* EXERCISE: Which lines in the data contain the word "iPhone"? Please copy each of them.

* DATA SECTION:
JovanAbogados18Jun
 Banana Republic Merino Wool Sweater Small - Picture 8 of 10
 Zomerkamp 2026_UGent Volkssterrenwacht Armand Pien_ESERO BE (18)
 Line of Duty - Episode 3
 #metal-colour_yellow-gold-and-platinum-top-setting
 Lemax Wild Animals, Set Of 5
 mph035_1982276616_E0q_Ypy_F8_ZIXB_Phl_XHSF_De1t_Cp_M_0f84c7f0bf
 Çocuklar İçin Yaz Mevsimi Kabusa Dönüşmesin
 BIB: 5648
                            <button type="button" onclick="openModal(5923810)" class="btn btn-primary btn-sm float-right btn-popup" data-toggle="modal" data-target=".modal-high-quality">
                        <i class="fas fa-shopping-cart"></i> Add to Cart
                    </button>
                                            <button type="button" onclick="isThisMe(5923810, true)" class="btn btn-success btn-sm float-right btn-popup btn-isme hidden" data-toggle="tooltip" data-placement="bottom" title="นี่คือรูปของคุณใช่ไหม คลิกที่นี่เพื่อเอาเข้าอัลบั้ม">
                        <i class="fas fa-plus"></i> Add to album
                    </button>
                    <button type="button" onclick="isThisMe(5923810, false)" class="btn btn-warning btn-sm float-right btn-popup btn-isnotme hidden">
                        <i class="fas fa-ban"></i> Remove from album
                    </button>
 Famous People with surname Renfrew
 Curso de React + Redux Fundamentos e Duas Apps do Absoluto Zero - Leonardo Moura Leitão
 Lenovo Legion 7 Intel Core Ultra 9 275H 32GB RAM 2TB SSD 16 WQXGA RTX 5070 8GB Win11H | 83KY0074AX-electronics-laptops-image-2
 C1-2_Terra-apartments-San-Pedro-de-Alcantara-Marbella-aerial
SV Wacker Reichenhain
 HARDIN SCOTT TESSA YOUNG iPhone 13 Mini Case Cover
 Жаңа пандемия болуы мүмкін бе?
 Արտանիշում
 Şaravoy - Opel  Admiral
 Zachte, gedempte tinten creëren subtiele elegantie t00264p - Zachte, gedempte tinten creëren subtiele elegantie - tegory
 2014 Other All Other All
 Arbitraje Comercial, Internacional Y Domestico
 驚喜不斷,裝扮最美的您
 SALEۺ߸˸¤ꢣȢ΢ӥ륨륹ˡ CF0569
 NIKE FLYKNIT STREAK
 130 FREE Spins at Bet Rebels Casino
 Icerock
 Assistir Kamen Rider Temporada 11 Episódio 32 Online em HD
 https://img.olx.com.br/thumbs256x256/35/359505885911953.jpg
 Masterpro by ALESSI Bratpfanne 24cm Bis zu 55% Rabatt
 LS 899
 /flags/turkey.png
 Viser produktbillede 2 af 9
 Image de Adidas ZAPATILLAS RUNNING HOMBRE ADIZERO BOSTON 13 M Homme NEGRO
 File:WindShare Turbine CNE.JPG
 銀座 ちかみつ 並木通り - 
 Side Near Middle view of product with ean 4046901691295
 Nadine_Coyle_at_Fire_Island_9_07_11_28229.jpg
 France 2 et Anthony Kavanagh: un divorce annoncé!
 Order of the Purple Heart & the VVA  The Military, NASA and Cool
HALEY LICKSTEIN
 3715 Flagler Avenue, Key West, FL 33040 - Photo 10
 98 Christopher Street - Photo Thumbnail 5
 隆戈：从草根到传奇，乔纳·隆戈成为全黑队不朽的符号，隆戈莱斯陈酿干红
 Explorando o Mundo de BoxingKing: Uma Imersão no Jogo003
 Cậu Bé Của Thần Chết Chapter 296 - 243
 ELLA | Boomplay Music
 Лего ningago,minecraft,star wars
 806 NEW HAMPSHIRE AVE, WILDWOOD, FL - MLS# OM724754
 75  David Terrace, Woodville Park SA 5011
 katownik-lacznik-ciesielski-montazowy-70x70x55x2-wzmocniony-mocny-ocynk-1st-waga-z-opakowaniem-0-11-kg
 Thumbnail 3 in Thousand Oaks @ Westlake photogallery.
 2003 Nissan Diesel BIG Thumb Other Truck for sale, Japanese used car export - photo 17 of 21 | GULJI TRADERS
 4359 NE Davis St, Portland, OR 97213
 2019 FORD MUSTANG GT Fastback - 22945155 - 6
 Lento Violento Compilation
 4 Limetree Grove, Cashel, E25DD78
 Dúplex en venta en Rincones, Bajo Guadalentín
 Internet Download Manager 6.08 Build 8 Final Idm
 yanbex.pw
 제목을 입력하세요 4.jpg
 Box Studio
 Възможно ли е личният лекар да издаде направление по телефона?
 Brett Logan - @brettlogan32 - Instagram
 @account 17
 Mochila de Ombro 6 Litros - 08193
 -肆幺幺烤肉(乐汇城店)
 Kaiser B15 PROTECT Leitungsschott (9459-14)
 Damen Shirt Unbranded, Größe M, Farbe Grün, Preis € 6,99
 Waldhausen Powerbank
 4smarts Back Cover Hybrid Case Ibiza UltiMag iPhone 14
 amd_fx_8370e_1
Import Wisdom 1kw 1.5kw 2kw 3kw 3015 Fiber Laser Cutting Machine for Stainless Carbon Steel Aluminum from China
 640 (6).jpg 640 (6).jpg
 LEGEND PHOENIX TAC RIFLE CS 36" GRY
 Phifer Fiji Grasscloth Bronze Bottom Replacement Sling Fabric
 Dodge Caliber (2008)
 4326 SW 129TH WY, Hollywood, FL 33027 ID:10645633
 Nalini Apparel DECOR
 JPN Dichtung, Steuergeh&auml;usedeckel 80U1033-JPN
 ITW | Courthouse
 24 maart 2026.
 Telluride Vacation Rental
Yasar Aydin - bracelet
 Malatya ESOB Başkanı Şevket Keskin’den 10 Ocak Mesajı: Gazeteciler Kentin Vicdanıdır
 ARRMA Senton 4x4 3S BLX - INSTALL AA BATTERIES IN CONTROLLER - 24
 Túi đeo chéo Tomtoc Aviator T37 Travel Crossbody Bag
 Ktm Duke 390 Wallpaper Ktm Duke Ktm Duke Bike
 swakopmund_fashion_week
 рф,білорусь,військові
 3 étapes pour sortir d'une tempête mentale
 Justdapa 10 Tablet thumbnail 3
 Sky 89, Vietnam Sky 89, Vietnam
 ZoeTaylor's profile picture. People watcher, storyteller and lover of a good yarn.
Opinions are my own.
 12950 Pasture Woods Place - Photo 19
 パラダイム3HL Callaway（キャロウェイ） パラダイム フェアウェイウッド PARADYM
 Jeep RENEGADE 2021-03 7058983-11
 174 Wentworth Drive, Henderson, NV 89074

* RESULT FOR THIS TASK:
 HARDIN SCOTT TESSA YOUNG iPhone 13 Mini Case Cover
 4smarts Back Cover Hybrid Case Ibiza UltiMag iPhone 14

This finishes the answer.